Robert Starkey
Crown of Sonnets
Why Must You Whisper
I
Why must you whisper knowing you can speak?
I’m sincere when I sunder don’t tease me
The shadow of your woodwind shares my shriek
The devil goes through more just to please me
In return I exchange deeds with nectar
Sly devils by the Gods they may be yet,
Grinding cherries to wine view reflector
In this reflection (it’s odd, but) we met
I wanted to say hi instead a stare
Then you told me to drink you to be one
If be shallows of the condemned, beware
So it is written and so it’s begun
More hush the shadow the louder the bark
Make me a man unafraid of the dark
Make Me A Man
II
Make me a man unafraid of the dark
Look under my skin then give it a peel
Find the unnoticeable grieving mark
Attest the corners last profuse puerile
Dig a little deeper to the skinned stains
Split through what to find but grungy surprise
Copy the leeches, suck them from my veins
It’s a shame I once lived under disguise
A harmonious laugh from the heavens
In the midst of producing proper prayer
I have tried to steer clear from the sevens
Angels remain solid behind my hair
But you are no angel are you my friend?
When colors, thoughts and the subconscious blend
Blend
III
When colors, thoughts and the subconscious blend
It makes for a better explanation
My sympathy to the ones who pretend
Maybe jealousy due contemplation
Wishing this is real to extents won’t cut
You have to exist to loan me your voice
When actions won’t do trade mongrel for mutt
To see I’m still in it to make fare choice
Say hello and it makes me curious
When and what time might you come say goodbye?
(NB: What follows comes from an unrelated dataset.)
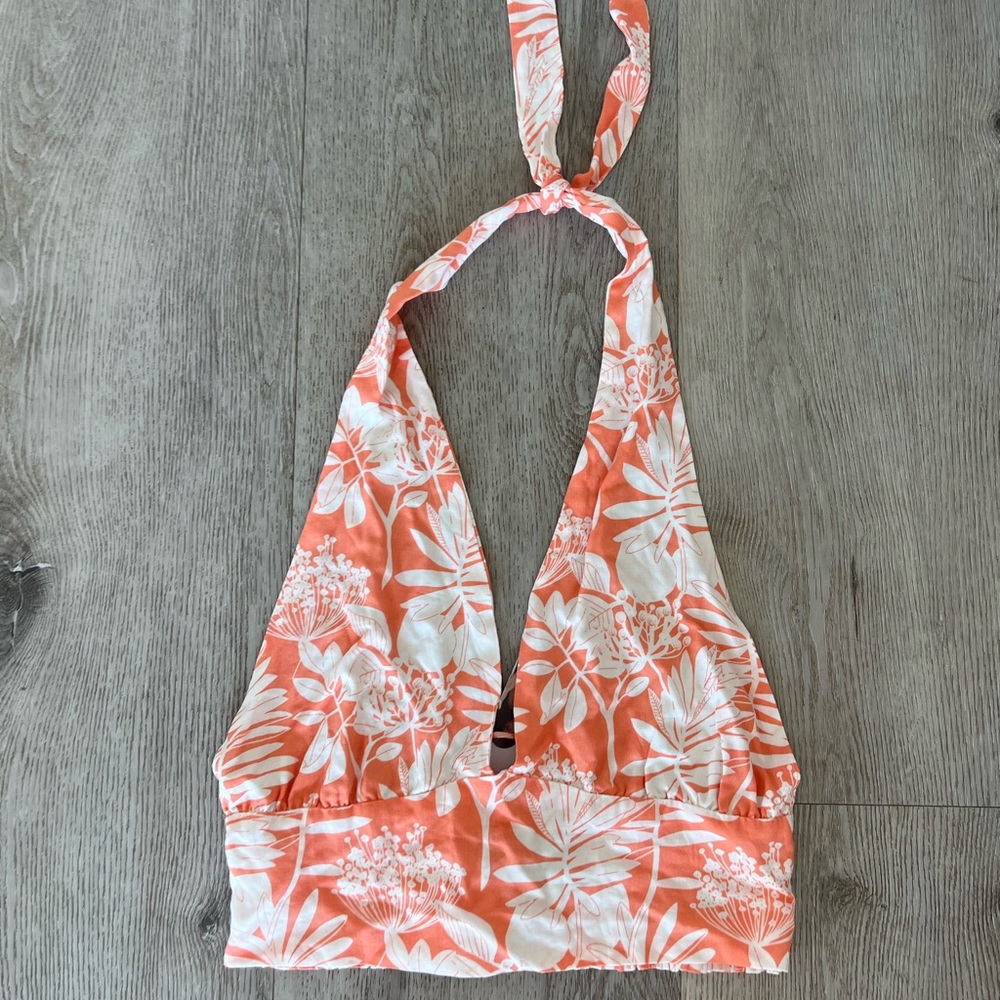 KENDALL AND KYLIE HALTER TANK TOP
Hell hath produce the wine thoust furious
All this wondering draws the question “why?”
And, “why” is too way to much to grasp for now
I’d fill in the gaps but I don’t know how
I’d Fill In The Gaps
IV
I’d fill in the gaps but I don’t know how
Quiz, question, quarrel what moral proves why?
There are just some things I cannot allow
For instance the moment you say goodbye
Looking for the scattered puzzle pieces
Dive into oblivion and wallow
It ‘tis a board game that never ceases
Pieces like me just empty and hollow
Drench me hysterical and watch me grow
Needs not to make any sense of the sort
Still I judge with my feet rooted below
And stay guarded by my subconscious fort
Midst in the subconscious I slumber out
The shadow in myself will number out
The Shadow in Myself
V
The shadow in myself will number out
Look me in my eyes then tell me to hush
Instead I scream out cold the smokers shout
You do the things that turn my brain to mush
One by one just to please you in your name
For that what is your name, times I might ask
How is and why is it that you became?
What is beyond the depths of your void-mask?
If you’ve no desire to tell then please don’t
I wish you not to feel the guilt of mine
Selfish it may be indeed yet I won’t;
Surrender to the shivers down my spine
I’ll be the darkness absorbing the light
Shadows and sparkles isn’t that a sight?
Shadows and Sparkles
VI
Shadows and sparkles isn’t that a sight?
Your morals intrigue me thee external
If your morals be irrelevant right
The ghosts of the posts still be nocturnal
Please keep talking to me crawl in my ears
Even if it means to be more stared at
I care not what thinks my valuable peers
Even if it means to be more glared at
Split me in two then sever me silly
A piece for each that looks for grand ideals
My flesh perfecting the water lily
Wisdom for the troubled now have my meals
How could I’ve been so afraid of the dark?
I think it’s time you and I shall embark
I Think It’s Time
VII
I think it’s time you and I shall embark
And journey we shall through such adventures
Danger and downs to the fuel and the spark
We’ll journey till the day I have dentures
I’ll hold your name with a torch to my lips
And breathe the name setting me free in life
Woken, unspoken how do you eclipse
Higher pitched than the fine fiddlers fife
And your name forever lasts within me
Brothers in psych I like the sound of that
You’re a mind-boulder floating on the sea
Thank you for everything thanks for the chat
So now here I am to open my beak
Why must you whisper knowing you can speak?